_Supplied entries_.
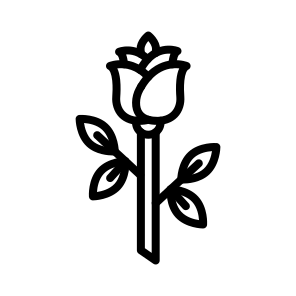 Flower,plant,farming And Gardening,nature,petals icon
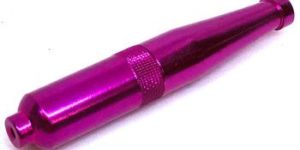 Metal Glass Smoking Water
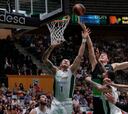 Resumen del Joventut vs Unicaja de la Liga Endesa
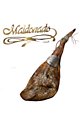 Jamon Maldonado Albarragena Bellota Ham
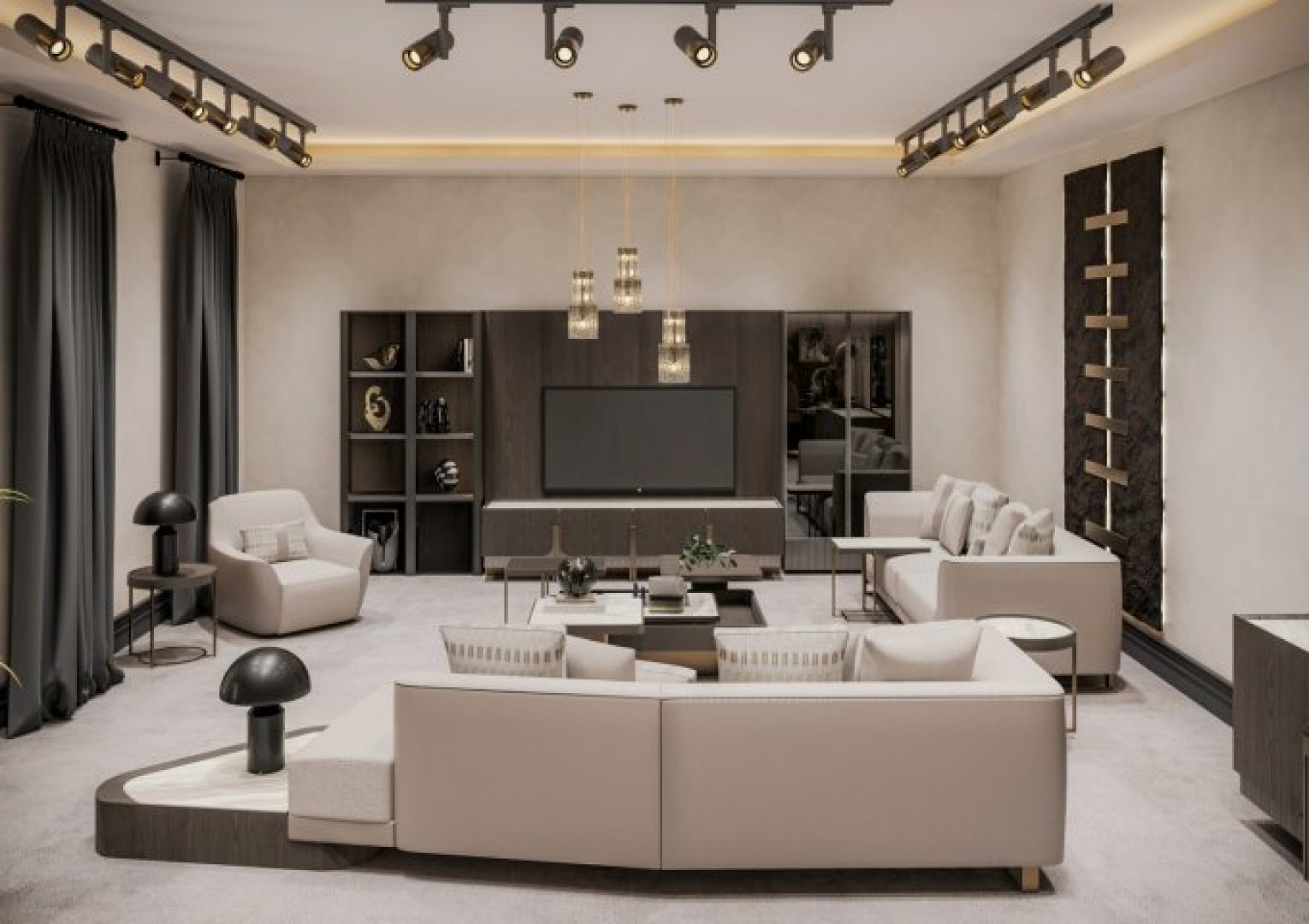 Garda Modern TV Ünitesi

--

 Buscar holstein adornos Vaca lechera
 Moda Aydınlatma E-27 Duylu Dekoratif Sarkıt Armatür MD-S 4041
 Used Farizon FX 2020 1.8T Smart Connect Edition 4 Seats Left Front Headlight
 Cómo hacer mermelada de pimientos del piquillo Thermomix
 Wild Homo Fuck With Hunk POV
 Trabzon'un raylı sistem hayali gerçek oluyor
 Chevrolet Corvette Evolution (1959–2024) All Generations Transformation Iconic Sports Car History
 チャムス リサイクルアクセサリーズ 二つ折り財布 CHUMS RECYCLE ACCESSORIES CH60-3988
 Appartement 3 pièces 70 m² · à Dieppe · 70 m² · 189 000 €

_Exercise brief_. Would you please repeat only the lines above, beginning at the one that has "Flower,plant,farming And Gardening,nature,petals" and stopping after the one that has "Garda Modern TV Ünitesi", exactly and with no pictures?

_Exercise solution_.
 Flower,plant,farming And Gardening,nature,petals icon
 Metal Glass Smoking Water
 Resumen del Joventut vs Unicaja de la Liga Endesa
 Jamon Maldonado Albarragena Bellota Ham
 Garda Modern TV Ünitesi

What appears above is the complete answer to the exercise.